話し合いの口火を切って、「僕はこう思う。まずはこう考えればいいと思う」と自分の意見を言う。話を理解できていないと感じた者がいれば、「大丈夫?」と声をかけ、今話している内容を個別に伝える。こうしたことを繰り返していきました。
 すると、友達の方から「どう思う?」と意見を求められたり、「お願いしたいんだけど」と依頼されたりすることが増えていきました。
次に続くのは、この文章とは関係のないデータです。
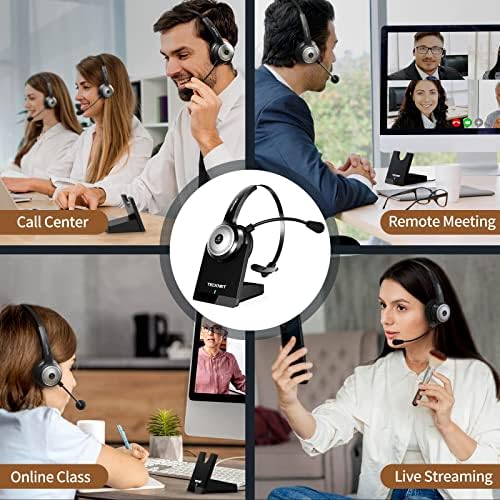 TECKNET Bluetooth 5.0 Headset with Microphone for PC, USB Wireless Headset with Mic for Work, 40Hrs Worktime AI Noise Cancelling On Ear Bluetooth Headphones with Charging Base for Laptop/Call Center - Image 7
そして、「お前だったらできるよ」と背中を押され、いつの間にか生徒会にまで立候補することになっていました。
 ほんの数ヶ月前の自分からは考えられないことですが、初めて生徒会役員に当選した時は本当に嬉しかったです。桐が丘に入って最も変わったのは、他者から認められ、必要とされる喜びを知ったことです。友達からの信頼ももちろん嬉しかったのですが、特に先生から個別に呼び止められ、「今度のクラスでの話し合い、進行期待してるよ」などと言われると、天にも昇るような気持ちでした。
 当時は学級委員長というわけでもありませんでしたが、とにかく自分でも誰かの役に立てることがあると実感できることが、最高の喜びでした。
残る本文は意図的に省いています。